Posted By:   Becky Smith, Head, Business & Economics Lib, UIUC
Post Topic:   Marketing Resources on RCL
 
I am hoping that those who plan to use RCL for CD purposes will find some of the marketing resources I listed useful. My favorite section is customer relations!

Posted By:   Sharon Ladenson, Gender Studies and Communications Librarian, Michigan State University
Post Topic:   Telecommunications
 
Completing the Telecommunications portion of the “Journalism and Communications” section was a rewarding and challenging experience. As Darby Orcutt pointed out, the communication studies literature has grown and changed by leaps and bounds! Critical resources in telecommunication studies include new interdisciplinary texts focusing on the social, historical, and political impact of telecommunications technology. The interdisciplinary nature of communication studies presented significant selection challenges, but again, this was a very rewarding project!

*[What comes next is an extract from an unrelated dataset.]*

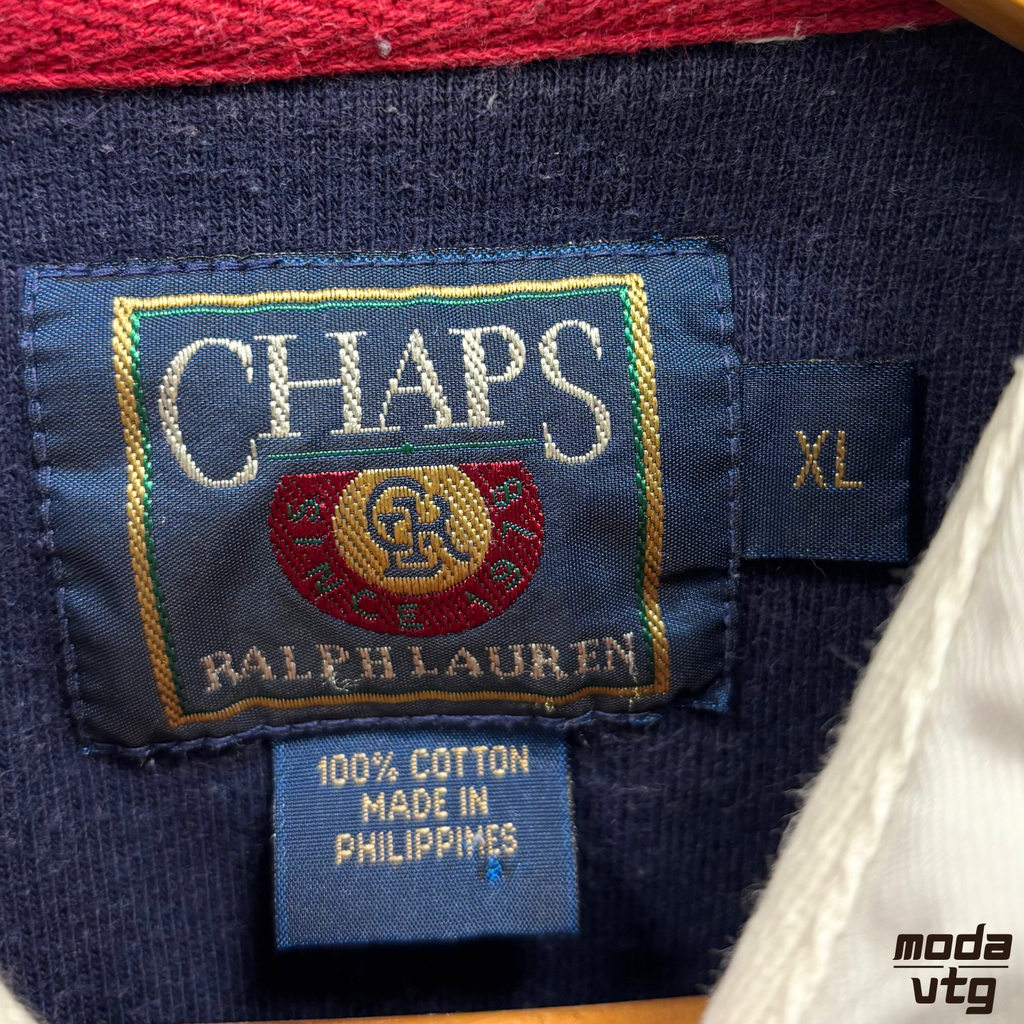 Vintage Y2K Chaps Ralph Lauren Rugby Polo Grey XL Striped Retro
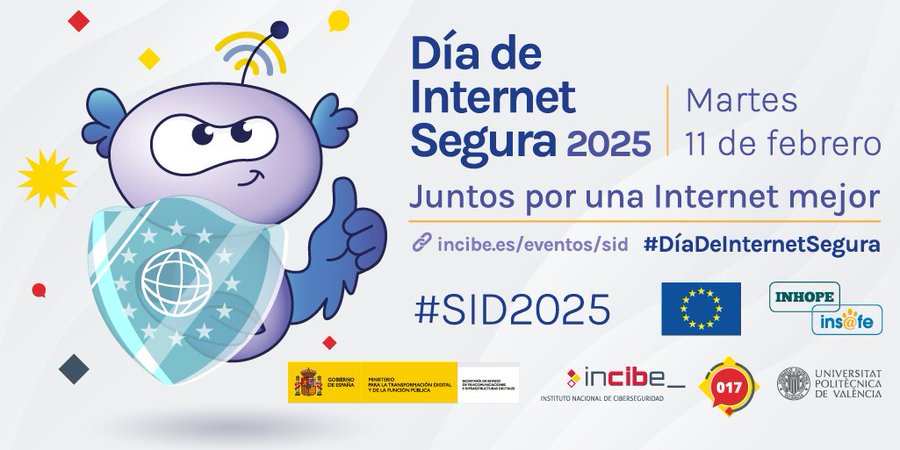 tuitAST's tweet photo. Desde @tuitAST nos unimos a la celebración del #DíadeInternetSegura o #SaferInternetDay , #SID2025 ,hoy11 de febrero de 2025 en todo el mundo,evento internacional que organizan las redes #Insafe/#INHOPE de Centros de Seguridad en Internet en Europa, con apoyo de @ComisionEuropea https://t.co/6FoOc4dC3T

Posted By:   Alice Crosetto, Acquisitions Librarian, University of Toledo
Post Topic:   Old English/Anglo-Saxon Literature
 
What an experience! I was quite surprised in researching my area. Old English, Anglo-Saxon Literature in general, is still holding its own in research and activity on college campuses. However, the availability of resources is a challenge. Classic works, long standing experts - so many are OP.
I thought that it was the time period, but in working on the Rossetti Family, I realized that literature as a whole might be suffering.
There are great websites; but we must maintain our tradition - a website cannot replace the classic resources, only enhance.
My vision is that RCL will assist all individuals who need to know the classics, the standards. Librarians, faculty designing courses & programs - all will benefit from this updated tool.

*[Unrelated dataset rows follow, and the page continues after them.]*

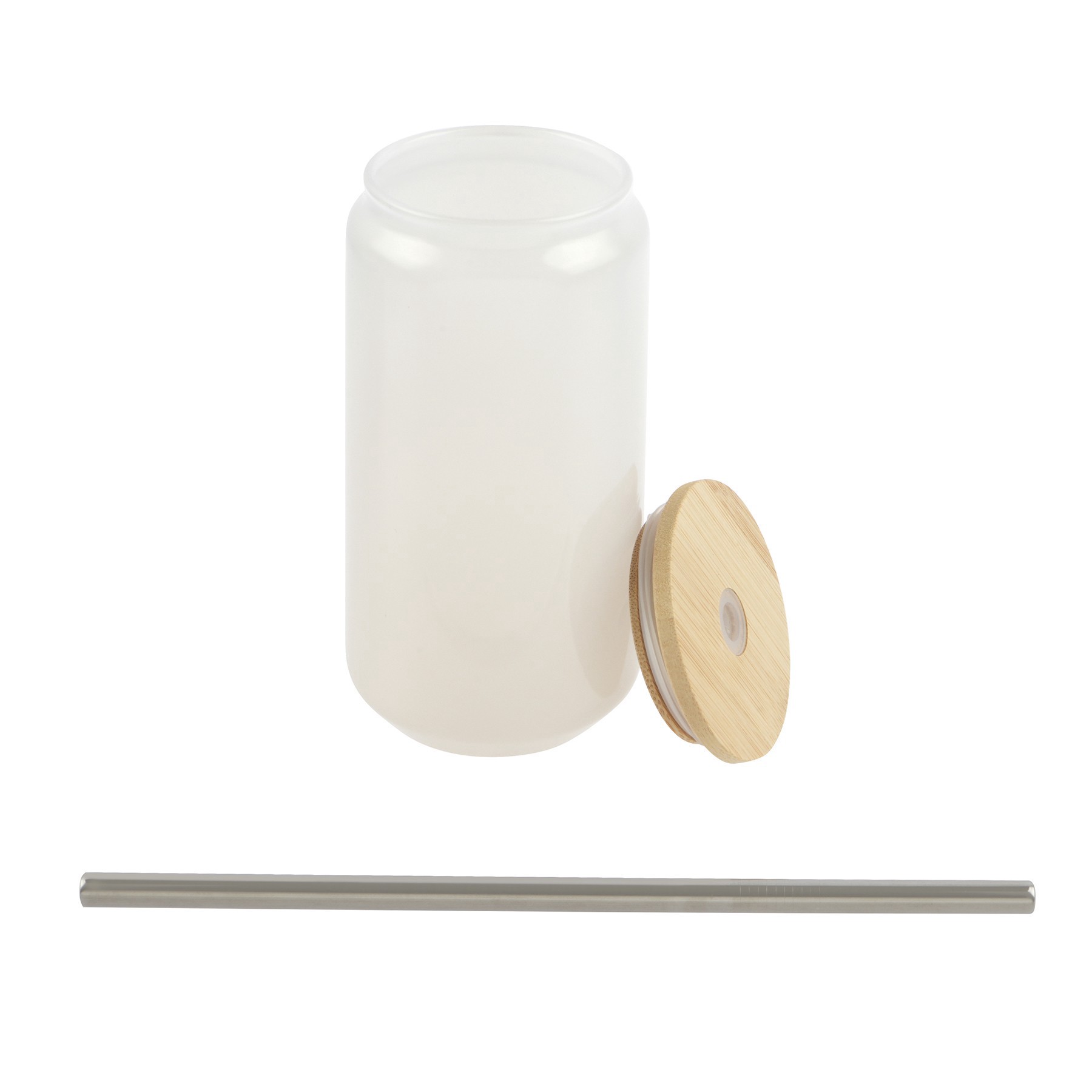 slide 2 of 3, 18oz. Blue Cold Color Change Glass Sublimation Tumbler With Bamboo Lid By Make Market, 18 oz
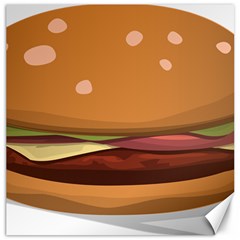 Hamburger Cheeseburger Burger Lunch Canvas 12  X 12  by Sudhe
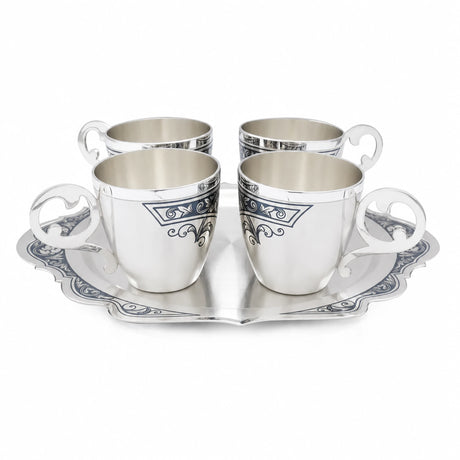 Edles Trinkbecker Set 5-teilig mit Serviertablett aus 925er Silber mit Niello-Verzierung, echte Männergeschenke.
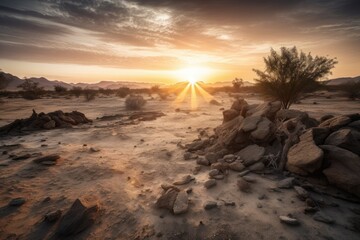 Wall Mural - arid landscape with dramatic sunrise, showcasing the beauty of this harsh environment, created with generative ai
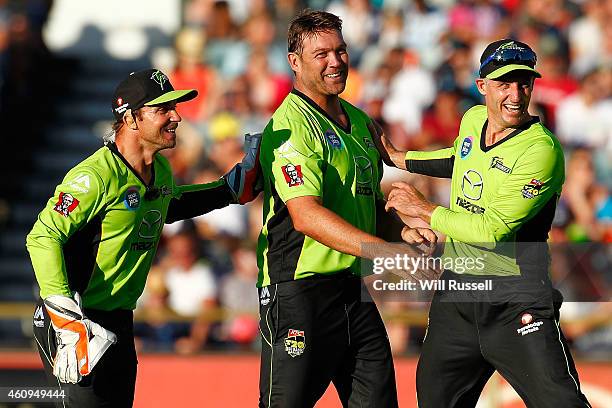 Jacques Kallis of the Thunder celebrates after taking the wicket of Adam Voges of the Scorchers during the Big Bash League match between the Perth...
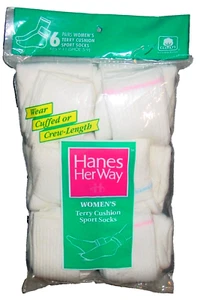 6 Paar Hanes Her Way Bündchen oder Crew Vollfrottee gepolsterte Socken Schuh 5-9 neu aus altem Lagerbestand USA - Bild 1 von 18
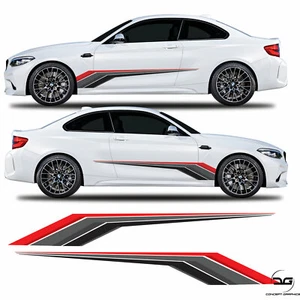 Side Racing Stripes Graphics Kit For BMW 2 Series F22 M2 M235 Vinyl Stickers - Picture 1 of 2
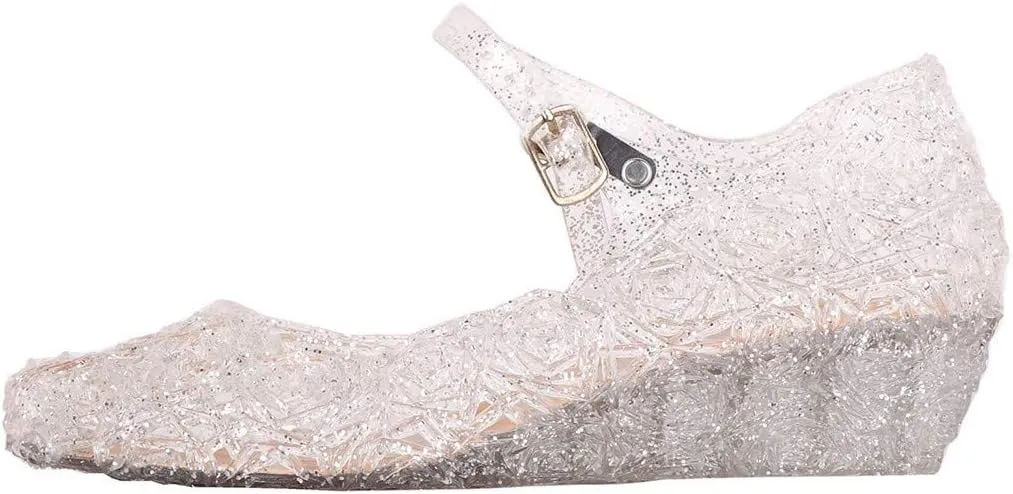 Girls Jelly Sandals Mary Jane Flats Heels Dance Party Birthday Cosplay Dress Up Single Shoes for Kids Toddler
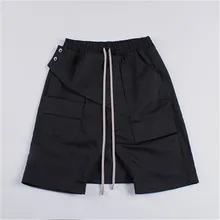 Для мужчин на шнуровке пляжный шорты темное время суток, в готическом стиле, Повседневное черные розовые шорты высокого уличный стиль в британском стиле свободные спортивные штаны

Posted By:   Joan E. Broome, Information Services, Librarian
Post Topic:   Interdisciplinary topics and controversy
 
As the Subject Editor for Environmental Studies, I discovered a host of books devoted to serious environmental themes but they were poised to sell in the marketplace by bearing what I would call "inflamatory" titles like "Kill the cowboy: a battle of mythology in the new West." This title was actually a fairly balanced look at range management issues in the American West often cast by the media as the new range war--Ranchers vs. Environmentalists.
Reflecting even agonizing about such titles involved a good measure of time that I had not anticipated in the selection process. I suspect this is par for the course when dealing with interdiscipliary topics that cross over into the public policy arena for heated debate. But it made developing a list doubly intersting to me!

Posted By:   Darby Orcutt, Senior Collection Manager for Humanities & Soc Sci, NCSU Libraries
Post Topic:   Re-envisioning Communications
 
As a bibliographer for the "Journalism & Communications" subject area, I welcomed the opportunity to review the core literature of the field. While I expected that the core had shifted considerably, I was surprised at how much. Given the pace of technological and theoretical change in mass media studies, our new list of critical resources is largely different from that of the last edition of BCL. I’d be curious to know whether other subject areas experienced such a sea change.